How does Lacan’s ‘analyst’ differ from Freud’s?

In Lacan’s view, the analysand is not ‘analysed’ by the analyst; it is the analysand who analyses, and the task of the analyst is to help him to analyse well. What does this mean and how does Lacan’s ‘analyst’ differ from Freud’s?

The analysand’s ‘way of playing’, corresponding to the particular way in which the analysand’s ego makes sense of its world, may be thought of as the analysand’s way of ‘framing’ her or his experience. In this framing there is an implicit identification of the second kind with a way of making meaning, whether or not aspects of it have been raised to the level of consciousness. This is Lacan’s ‘paternal metaphor’ corresponding to the place of the father in the parental matrix signifying the way meaning is organised within the family system, whether or not supported by the ‘actual’ father in the sense of the sperm donor.

The Freudian approach works with the way an individual takes up their being within the context of the parental matrix, using the myth of Oedipus to frame the ways in which the child takes up her or his identifications in relation to those on offer.  The assumption here is that the child will not take up all aspects of their identifications, some aspects remaining transferred onto the individuals within the parental matrix.  Working with the counter-transference thus becomes a way of enabling the individual to further work through the way they take up their identifications. It’s worth noting here that Freud remained focused on the first two kinds of identification, the third being associated by him not with people but with situations in which particular feelings were evoked, the example used by him being of an outbreak of schoolgirl hysteria.

A key development in Lacan’s work came when the ‘paternal metaphor’, referred to as the Name-of-the-Father (NoF), became the Names-of-the-Father (NoFs) plural. For an existing way of framing to be ‘broken’, there had to be the possibility of different ways of organising meaning aka different NoFs. More than one kind of organising metaphor had to be possible. What had to be questioned, then, was the way an individual was invested in a particular way of organising meaning – their unconscious valency

The Freudian approach thus worked within the fullness of an existing social order to improve the way an analysand played the hand dealt them by their parental matrix, while the Lacanian approach worked with what remained absent for the analysand within the context of that legacy.

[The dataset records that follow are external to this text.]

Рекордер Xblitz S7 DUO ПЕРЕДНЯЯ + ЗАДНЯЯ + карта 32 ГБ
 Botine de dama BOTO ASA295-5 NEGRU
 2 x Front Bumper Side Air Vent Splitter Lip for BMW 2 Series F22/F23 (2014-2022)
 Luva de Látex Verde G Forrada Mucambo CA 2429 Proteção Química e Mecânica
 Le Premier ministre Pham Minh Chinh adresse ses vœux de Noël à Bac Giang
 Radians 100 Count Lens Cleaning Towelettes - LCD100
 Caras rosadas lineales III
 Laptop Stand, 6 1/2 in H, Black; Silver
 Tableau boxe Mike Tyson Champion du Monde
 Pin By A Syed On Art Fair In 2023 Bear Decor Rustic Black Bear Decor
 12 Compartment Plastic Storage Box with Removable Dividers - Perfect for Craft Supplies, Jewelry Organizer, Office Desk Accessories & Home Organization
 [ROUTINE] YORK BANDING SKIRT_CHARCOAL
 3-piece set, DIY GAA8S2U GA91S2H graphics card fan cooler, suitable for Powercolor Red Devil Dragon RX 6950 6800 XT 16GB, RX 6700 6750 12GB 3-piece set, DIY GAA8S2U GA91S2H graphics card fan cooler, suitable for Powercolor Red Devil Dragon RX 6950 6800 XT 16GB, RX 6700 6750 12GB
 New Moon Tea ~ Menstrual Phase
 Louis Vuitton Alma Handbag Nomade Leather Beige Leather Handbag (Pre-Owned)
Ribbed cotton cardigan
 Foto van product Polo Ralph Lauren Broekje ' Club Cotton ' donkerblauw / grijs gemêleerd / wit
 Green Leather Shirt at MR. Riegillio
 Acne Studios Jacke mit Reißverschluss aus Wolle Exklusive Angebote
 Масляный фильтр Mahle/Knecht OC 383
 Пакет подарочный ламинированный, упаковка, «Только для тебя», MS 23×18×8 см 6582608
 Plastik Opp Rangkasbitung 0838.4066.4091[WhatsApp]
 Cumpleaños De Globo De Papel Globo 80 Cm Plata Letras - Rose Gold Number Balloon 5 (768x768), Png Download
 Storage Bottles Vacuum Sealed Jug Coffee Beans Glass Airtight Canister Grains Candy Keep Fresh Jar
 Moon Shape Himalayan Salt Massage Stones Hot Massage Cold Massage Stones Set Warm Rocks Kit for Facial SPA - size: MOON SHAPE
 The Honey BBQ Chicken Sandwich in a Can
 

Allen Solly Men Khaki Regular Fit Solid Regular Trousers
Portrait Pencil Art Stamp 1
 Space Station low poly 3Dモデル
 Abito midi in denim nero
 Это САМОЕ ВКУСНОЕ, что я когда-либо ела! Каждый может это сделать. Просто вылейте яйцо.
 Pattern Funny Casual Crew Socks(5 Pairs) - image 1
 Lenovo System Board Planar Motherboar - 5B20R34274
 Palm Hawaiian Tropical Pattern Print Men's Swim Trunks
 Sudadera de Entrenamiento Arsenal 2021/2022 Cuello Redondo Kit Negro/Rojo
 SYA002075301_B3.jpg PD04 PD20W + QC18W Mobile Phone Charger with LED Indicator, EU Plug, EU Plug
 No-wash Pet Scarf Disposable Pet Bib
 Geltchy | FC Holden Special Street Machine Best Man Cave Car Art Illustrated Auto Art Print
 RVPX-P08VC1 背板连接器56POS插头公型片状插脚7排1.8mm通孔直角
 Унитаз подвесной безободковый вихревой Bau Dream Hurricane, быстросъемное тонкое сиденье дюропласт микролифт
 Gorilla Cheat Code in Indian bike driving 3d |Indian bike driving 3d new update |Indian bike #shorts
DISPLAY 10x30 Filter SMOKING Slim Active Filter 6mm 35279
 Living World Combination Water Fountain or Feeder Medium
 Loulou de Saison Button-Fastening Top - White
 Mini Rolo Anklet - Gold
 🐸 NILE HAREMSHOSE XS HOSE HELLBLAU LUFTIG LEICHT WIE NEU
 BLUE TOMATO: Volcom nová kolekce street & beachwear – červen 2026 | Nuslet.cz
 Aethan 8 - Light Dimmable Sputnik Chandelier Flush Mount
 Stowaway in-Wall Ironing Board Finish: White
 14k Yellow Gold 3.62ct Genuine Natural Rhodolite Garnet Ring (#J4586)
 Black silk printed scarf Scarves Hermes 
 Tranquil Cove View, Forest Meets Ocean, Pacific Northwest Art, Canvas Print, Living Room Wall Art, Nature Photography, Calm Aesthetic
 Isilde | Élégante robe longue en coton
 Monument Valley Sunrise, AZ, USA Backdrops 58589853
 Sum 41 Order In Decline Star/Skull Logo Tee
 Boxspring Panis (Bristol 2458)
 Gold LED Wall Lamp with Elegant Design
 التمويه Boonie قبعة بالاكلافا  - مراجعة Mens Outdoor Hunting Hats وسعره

The Lacanian approach understood desire to be a relation to a ‘more’ that always remained despite every attempt to reach it, but which only the analysand could be responsible for reaching for – like the artist for whom each successive work never quite realised what it was s/he was trying to give expression to.  The difference then was between being true to a legacy versus being true to desire – different ways of understanding the meaning of destiny.